[[ Data shown, beginning ]]
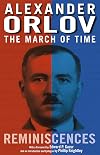 The March Of Time: Reminiscences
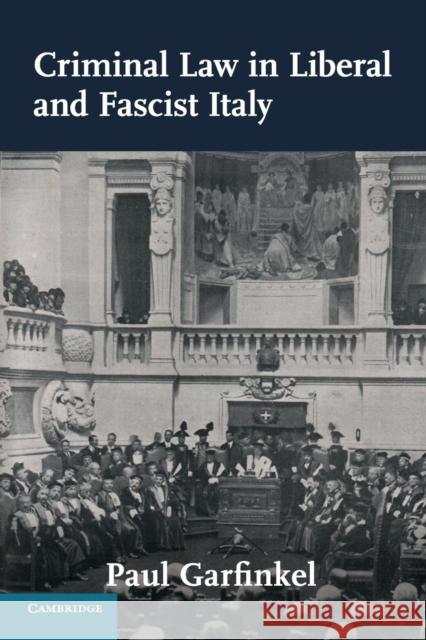 Criminal Law in Liberal and Fascist Italy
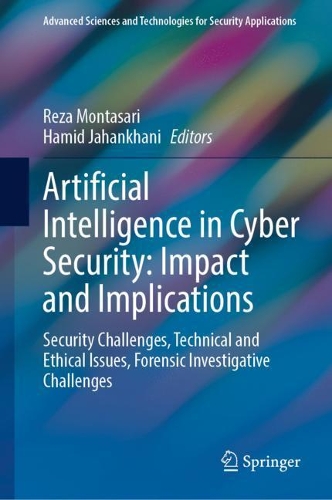 Artificial Intelligence in Cyber Security: Impact and Implications: Security Challenges, Technical and Ethical Issues, Forensic Investigative Challenges. 2021 ed.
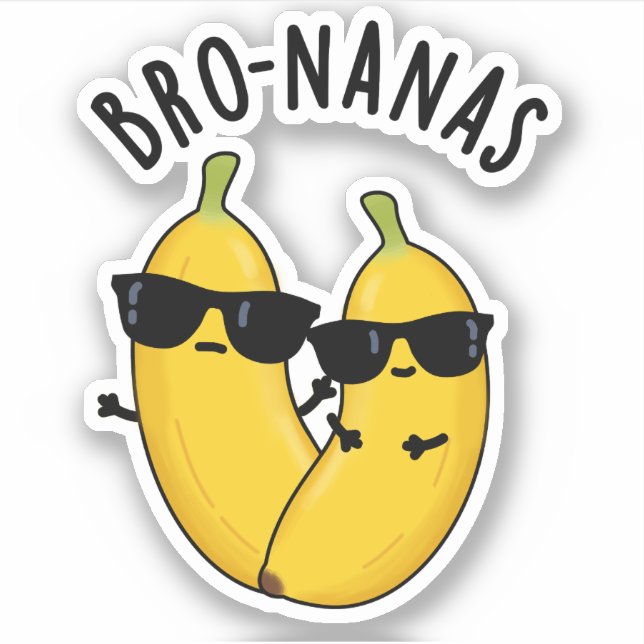 Bro-nanas Funny Fruit Banana Pun Aufkleber (Vorderseite)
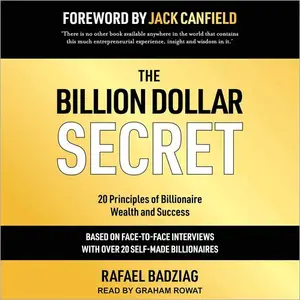 The Billion Dollar Secret 20 Principles of Billionaire Wealth and Success [Audiobook]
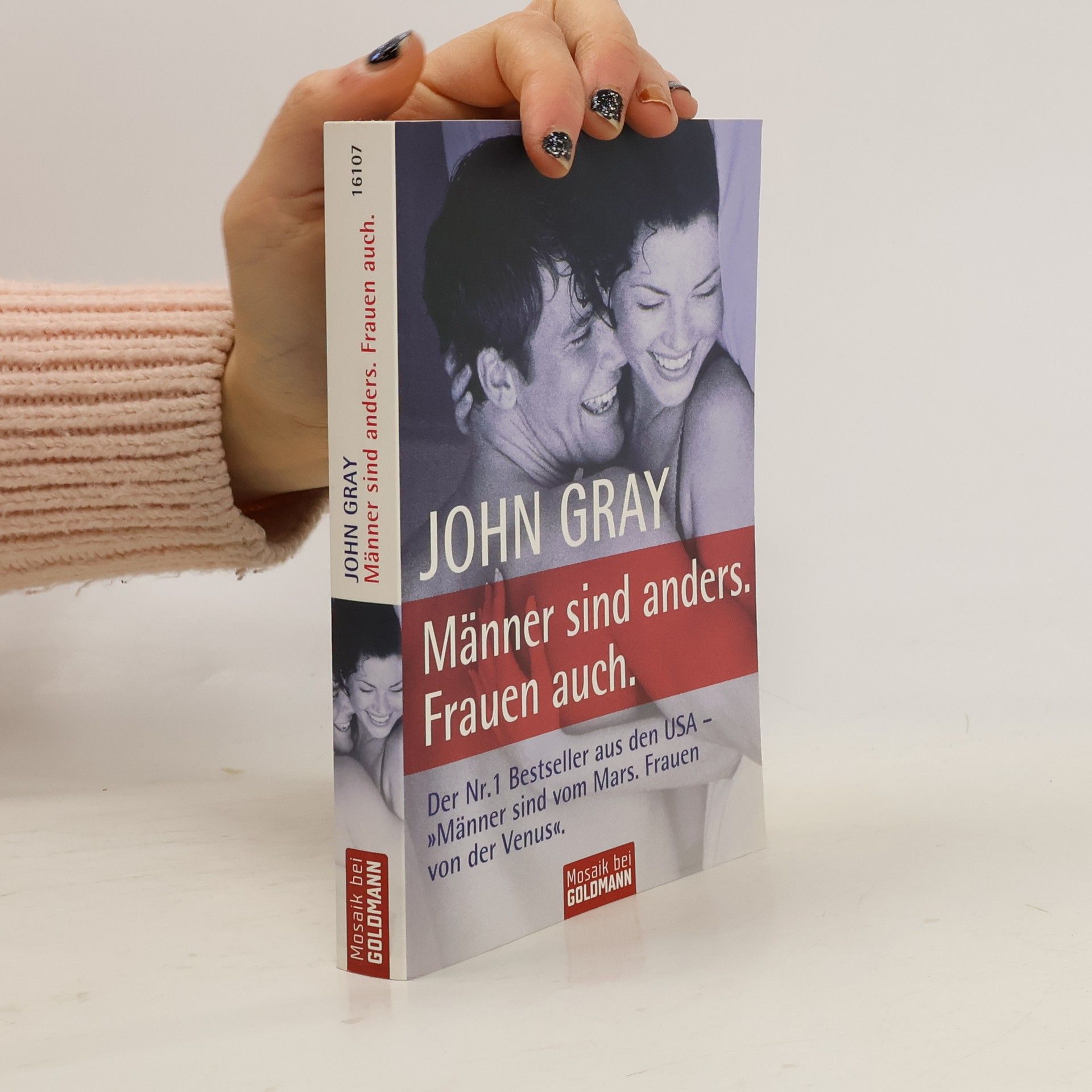 John Gray Männer sind anders. Frauen auch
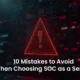 SOC as a Service: 10 Mistakes to Avoid in 2025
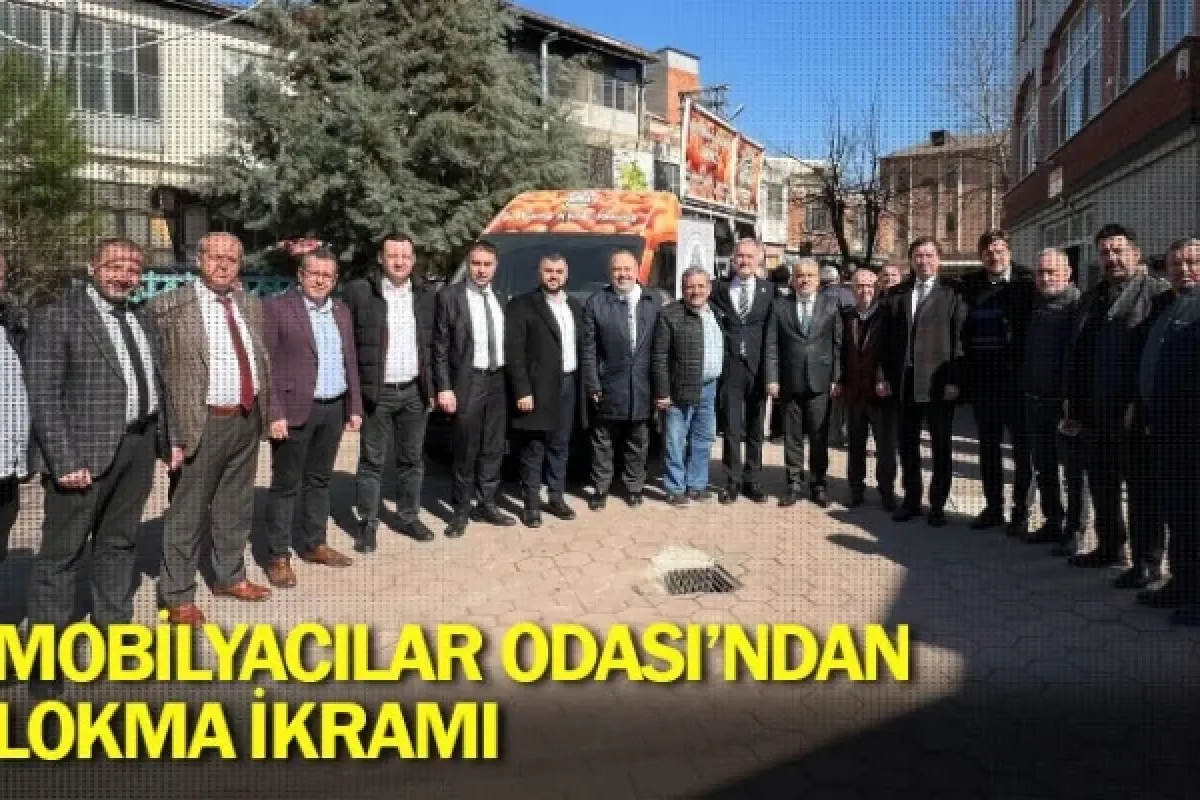 MOBİLYACILAR ODASI’NDAN LOKMA İKRAMI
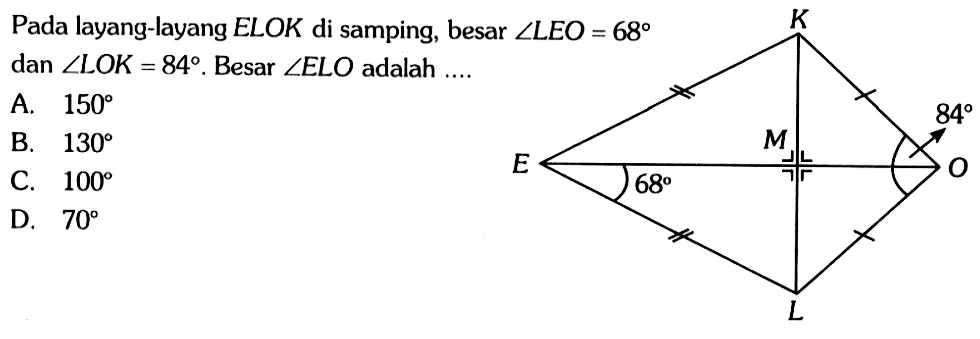 Pada layang-layang ELOK di samping, besar  sudut LEO=68  dan  sudut LOK=84 . Besar  sudut ELO  adalah ....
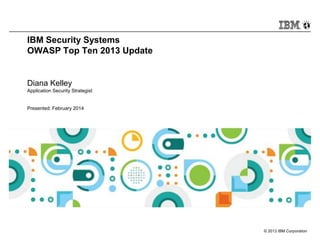IBM Security Systems
OWASP Top Ten 2013 Update

Diana Kelley
Application Security Strategist

Presented: February 2014

© 2013 IBM Corporation

 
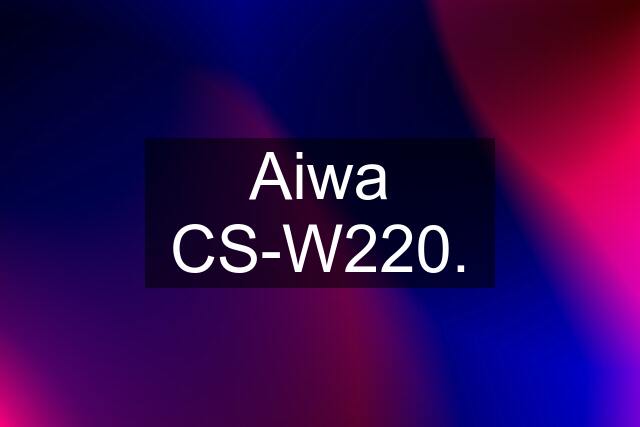 Aiwa CS-W220.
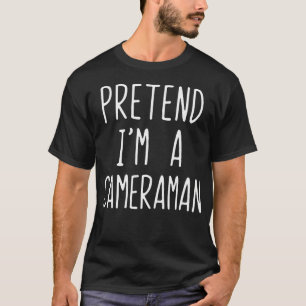 Doe alsof ik een cameraman kostuum Halloween lui c T-shirt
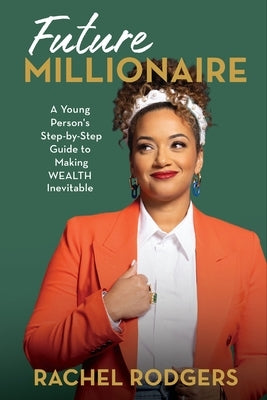 Future Millionaire: A Young Person's Step-By-Step Guide to Making Wealth Inevitable by Rodgers, Rachel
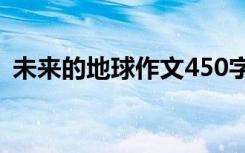 未来的地球作文450字以上 未来的地球作文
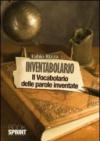Inventabolario. Il vocabolario delle parole inventate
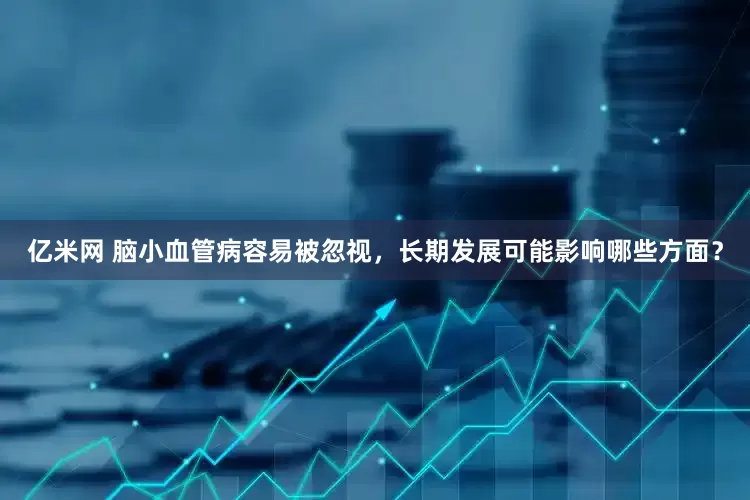 亿米网 脑小血管病容易被忽视，长期发展可能影响哪些方面？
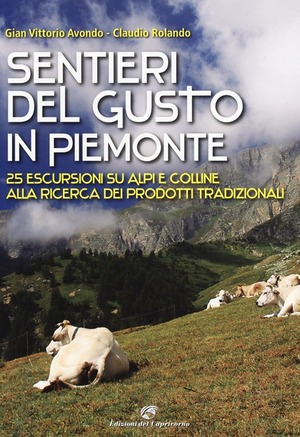 Sentieri del gusto in Piemonte. 25 escursioni su Alpi e colline alla ricerca dei prodotti tradizionali. Ediz. illustrata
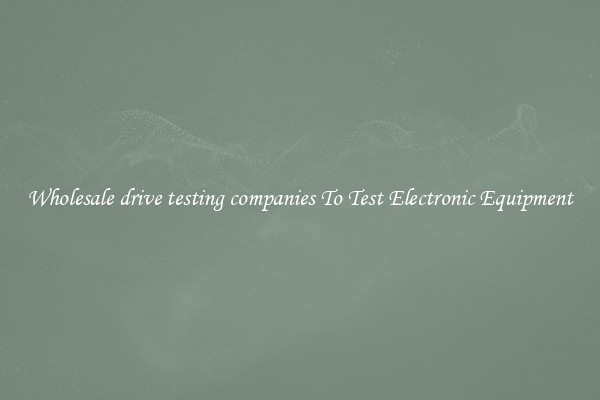 Wholesale drive testing companies To Test Electronic Equipment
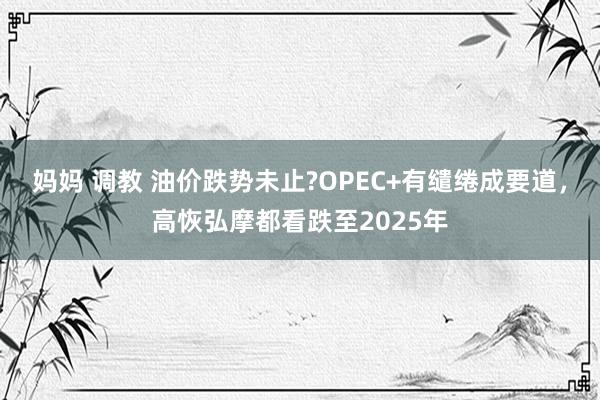 妈妈 调教 油价跌势未止?OPEC+有缱绻成要道，高恢弘摩都看跌至2025年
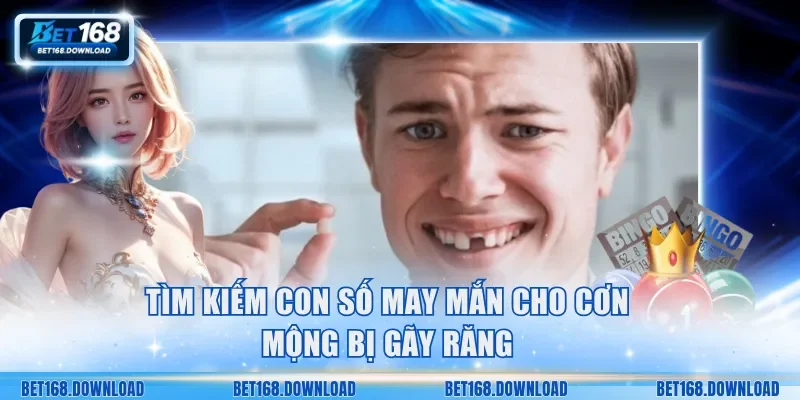 Tìm kiếm con số may mắn cho cơn mộng bị gãy răng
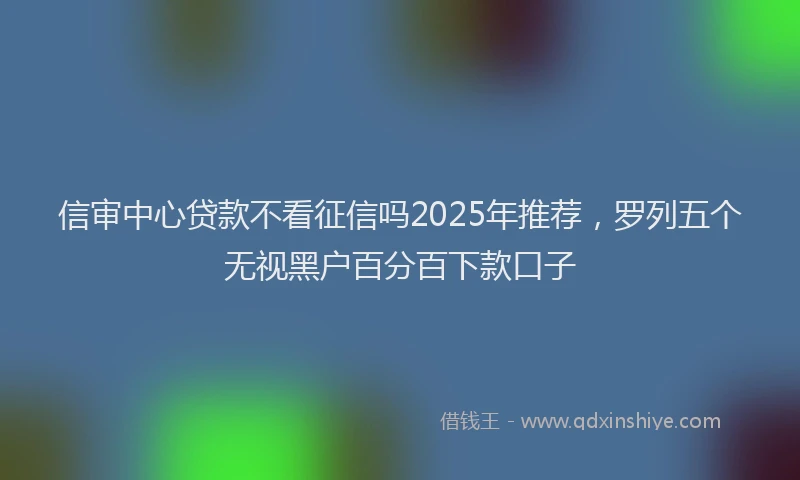 信审中心贷款不看征信吗2025年推荐，罗列五个无视黑户百分百下款口子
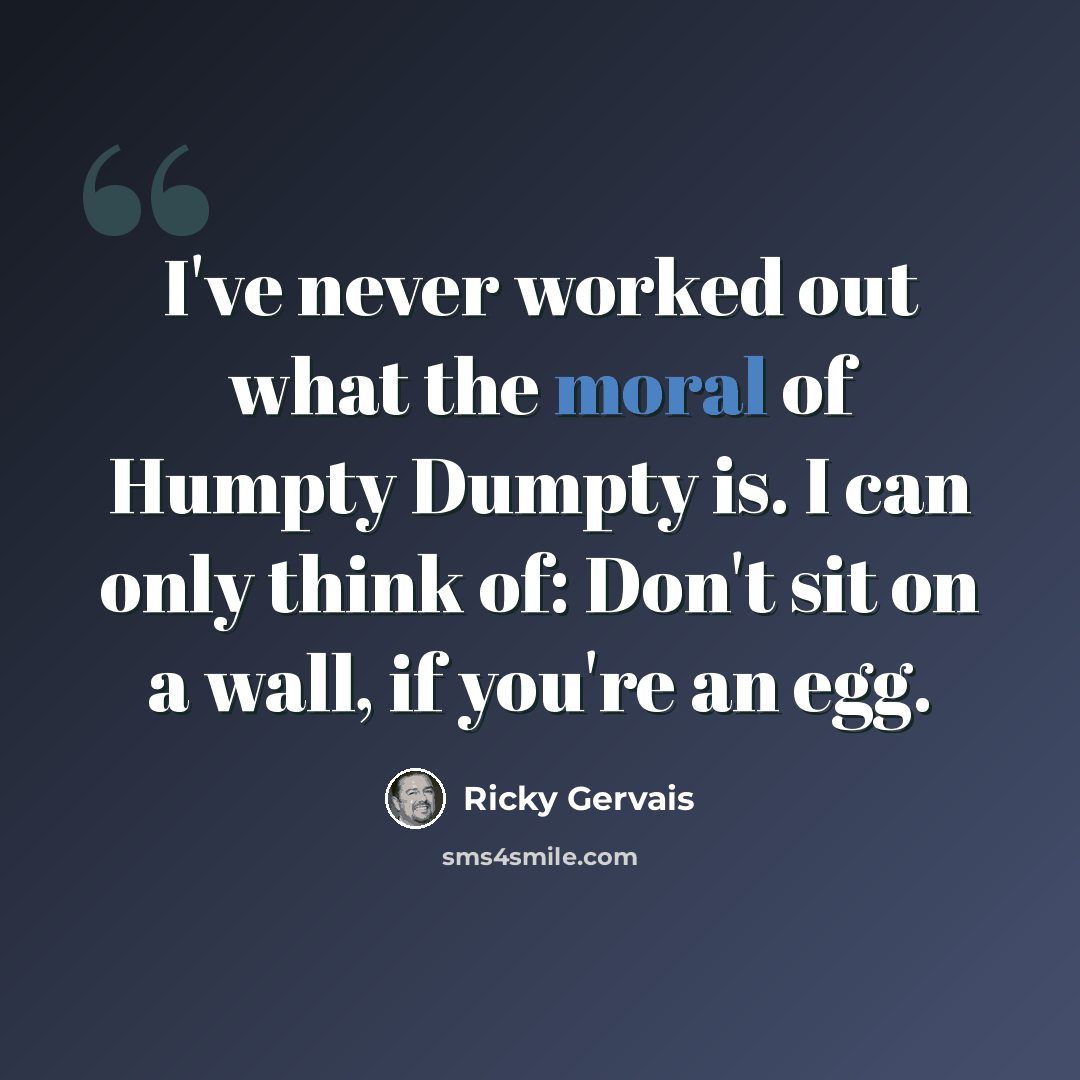 “I've never worked out what the moral of Humpty Dumpty is. I can only think of: Don't sit on a wall, if you're an egg.” quote by Ricky Gervais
[[ Data shown, end ]]
Work to complete ->
What is wanted is an exact copy of the lines above from the one containing "OWASP Top Ten 2013 Update" through the one containing "亿米网 脑小血管病容易被忽视，长期发展可能影响哪些方面？", with no pictures in it.

The answer ->
OWASP Top Ten 2013 Update

Diana Kelley
Application Security Strategist

Presented: February 2014

© 2013 IBM Corporation

 
 Aiwa CS-W220.
 Doe alsof ik een cameraman kostuum Halloween lui c T-shirt
 Future Millionaire: A Young Person's Step-By-Step Guide to Making Wealth Inevitable by Rodgers, Rachel
 未来的地球作文450字以上 未来的地球作文
Inventabolario. Il vocabolario delle parole inventate
 亿米网 脑小血管病容易被忽视，长期发展可能影响哪些方面？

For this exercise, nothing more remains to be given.